The trial judge then certified the waiver as follows:
I certify that the above named defendant has been fully informed in open court of the charges against him/her, the nature of and the statutory punishment for each charge, and the nature of the proceeding against the defendant and his/her right to have counsel assigned by the court and his/her right to have the assistance of counsel to represent him/her in this action; that the defendant comprehends the nature of the charges and proceedings and the range of punishments; that he/she understands and appreciates the consequences of his/her decision and that the defendant has voluntarily, knowingly and intelligently elected in open court to be tried in this action:
(check only one)
1. without the assignment of counsel.
x 2. without the assistance of counsel, which includes the right to assigned counsel and the right to assistance of counsel.
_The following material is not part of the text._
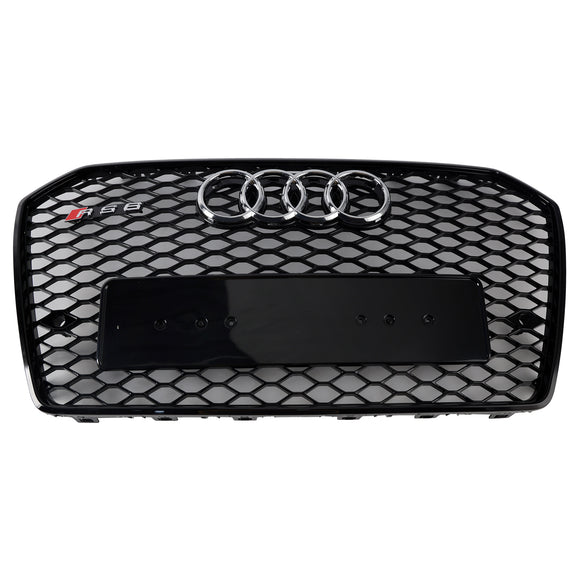 2015-2018 Audi A6 /A6 Sline /S6 C7 RS6 Style Grill Front Bumper Honeycomb Mesh Black Grille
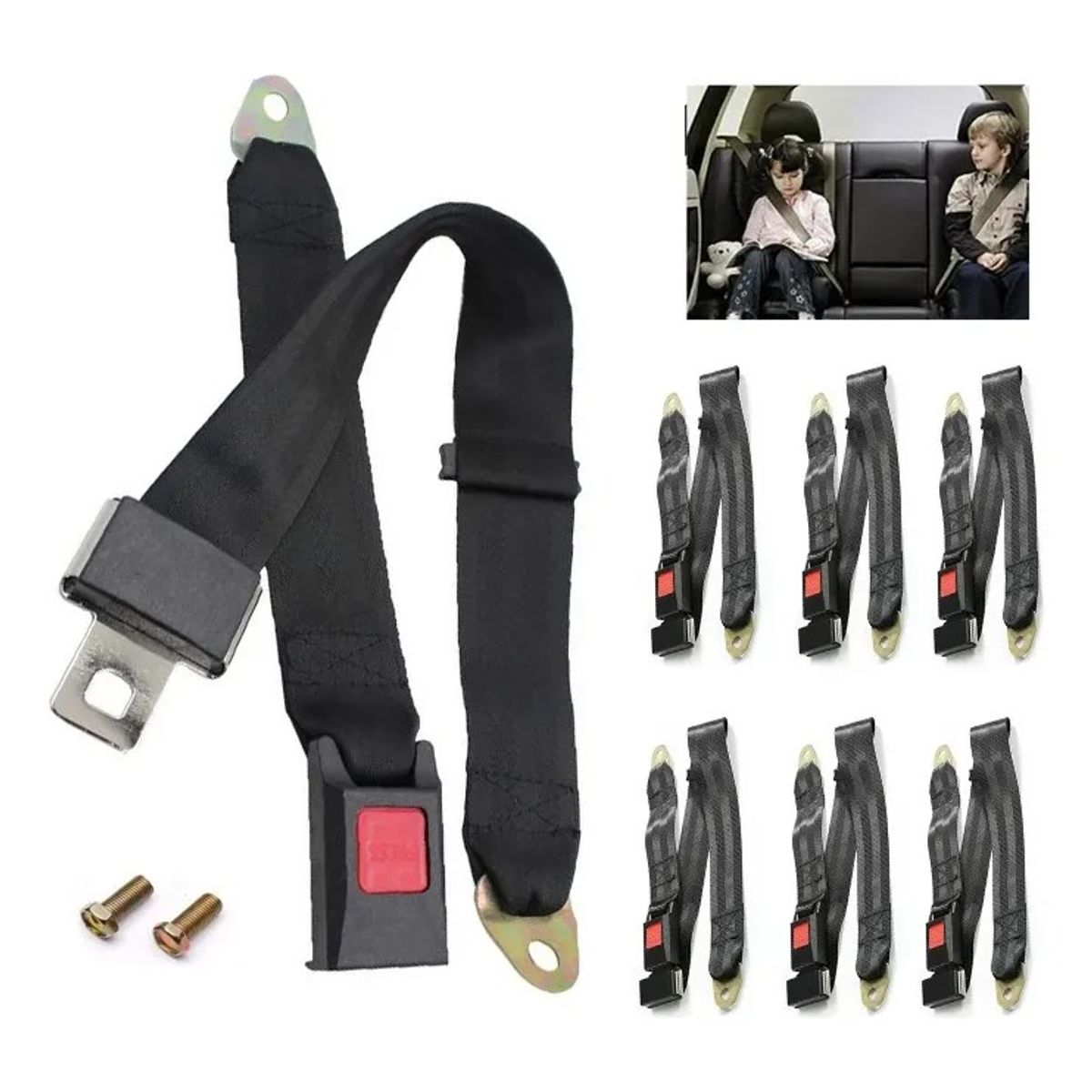 GENERICO - Pack X12 Cinturones De Seguridad Universal Estandar 2 Puntas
Defendant argues the trial court failed to sufficiently inquire whether Defendant comprehended the nature of the charges and proceedings against him. See N.C. Gen. Stat. § 15A-1242(3). The trial court, however, clearly informed Defendant that he was charged with obtaining property by false pretense and of the State's intention to seek an habitual felon indictment, along with the possible punishment he faced if he were found guilty. It also informed Defendant of his right to appointed counsel. Despite this information, Defendant declined a court-appointed attorney due to his belief that such an attorney would not represent [him] properly. Defendant signed and swore to the written waiver, which the trial court then certified. [W]here both the defendant and trial judge properly completed the form, the signed and certified written waiver creates a presumption that the waiver was knowing, intelligent and voluntary. State v. Hill, 168 N.C. App. 391, 396, 607 S.E.2d 670, 673, disc. review denied, 359 N.C. 324, 611 S.E.2d 839 (2005)(citing State v. Kinlock, 152 N.C. App. 84, 89-90, 566 S.E.2d 738, 741 (2002), aff'd, 357 N.C. 48, 577 S.E.2d 620 (2003)). Although the trial court never directly asked Defendant if he was aware of the nature of the charges and proceedings, the trial court clearly informed him of the nature of the charges and the potential punishment he faced. See Hill, 168 N.C. App. at 397, 607 S.E.2d at 674 (holding that the trial court complied with thestatutory mandates of section 15A-1242 although it made no inquiry into whether the defendant was aware of the nature of the charges and proceedings against him where the charges were read in open court and the defendant understood the possible punishment he faced).
Defendant nevertheless argues it was apparent at trial that he believed he was charged with forgery, in addition to the charges of obtaining property by false pretense and habitual felon status. While Defendant's assertion may be correct, it does not alter the sufficiency of the trial court's inquiry under N.C. Gen. Stat. § 15A-1242. Although Defendant may have been confused as to what elements constitute the crime of obtaining property by false pretense, the court had no duty to assess Defendant's technical legal knowledge. State v. LeGrande, 346 N.C. 718, 726, 487 S.E.2d 727, 731 (1997), reh'g denied, 351 N.C. 365, 542 S.E.2d 650 (2000)([A] defendant's technical legal knowledge is not relevant to the determination of whether he knowingly waives the right to counsel.)(citing Faretta v. California, 422 U.S. 806, 45 L. Ed. 2d 562 (1975)). Having carefully reviewed the hearing transcript, we conclude that the trial court complied with the requirements of N.C. Gen. Stat. § 15A-1242 in determining that Defendant voluntarily, knowingly and intelligently waived his right to counsel. Accordingly, we overrule these assignments of error.
In conclusion, we find no error by the trial court.
Judges McGEE and HUNTER concur. Report per Rule 30(e).